EXTRACTED ENTRIES:
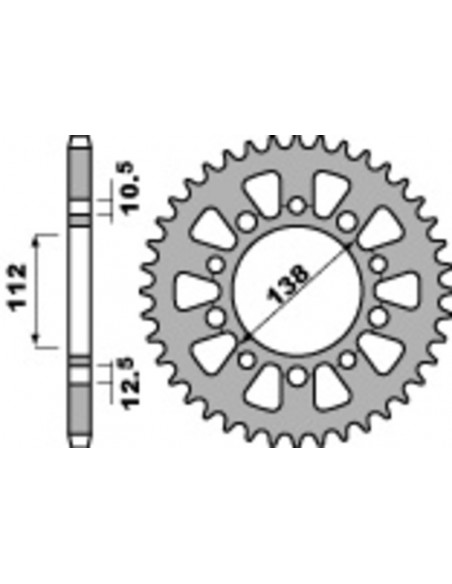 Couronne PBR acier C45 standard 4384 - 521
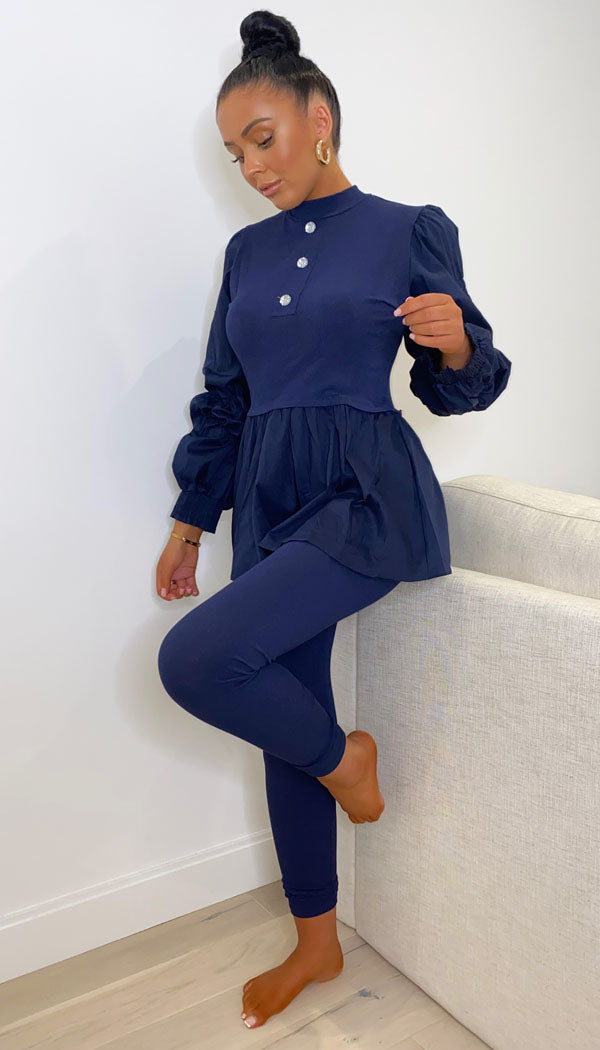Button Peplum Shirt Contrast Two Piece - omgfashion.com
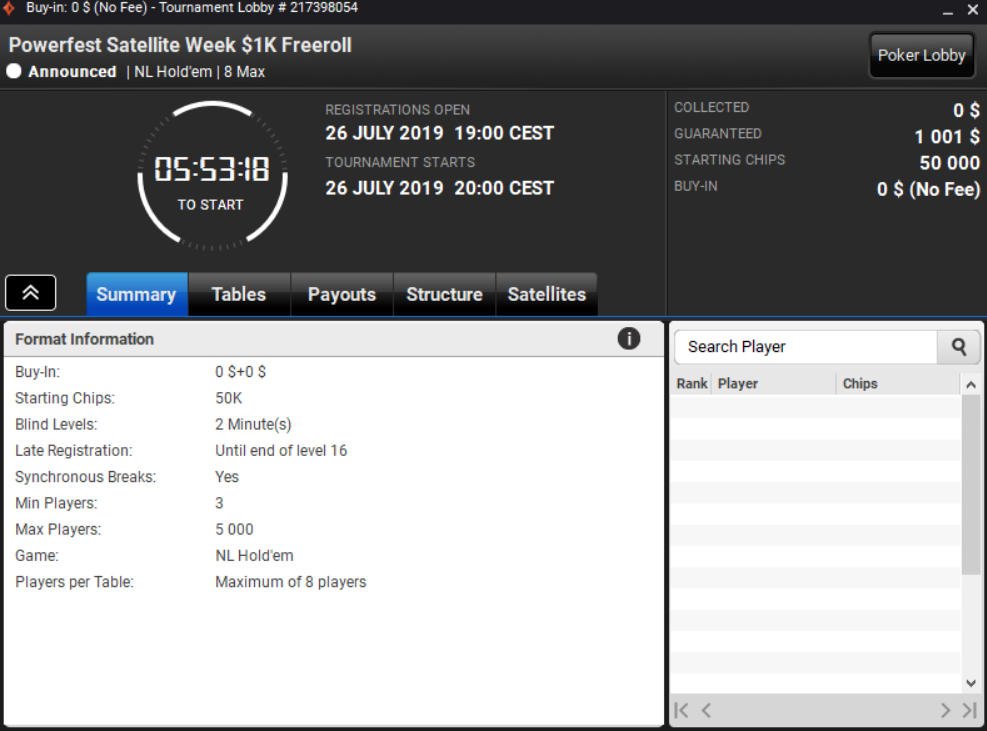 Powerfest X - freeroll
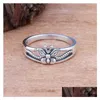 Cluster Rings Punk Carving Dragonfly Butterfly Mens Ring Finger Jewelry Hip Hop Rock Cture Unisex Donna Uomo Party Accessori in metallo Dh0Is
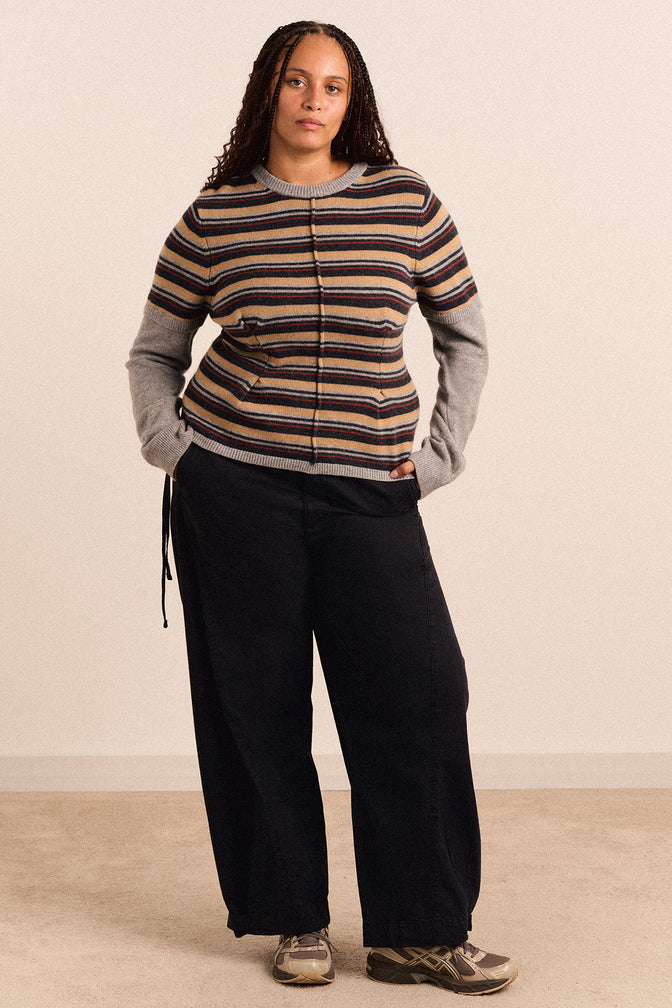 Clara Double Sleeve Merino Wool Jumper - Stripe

TASK TO CARRY OUT:
For the entries above, return an exact copy that omits the images.

SOLUTION FOR THIS PROBLEM:
 Couronne PBR acier C45 standard 4384 - 521
Button Peplum Shirt Contrast Two Piece - omgfashion.com
 Powerfest X - freeroll
 Cluster Rings Punk Carving Dragonfly Butterfly Mens Ring Finger Jewelry Hip Hop Rock Cture Unisex Donna Uomo Party Accessori in metallo Dh0Is
 Clara Double Sleeve Merino Wool Jumper - Stripe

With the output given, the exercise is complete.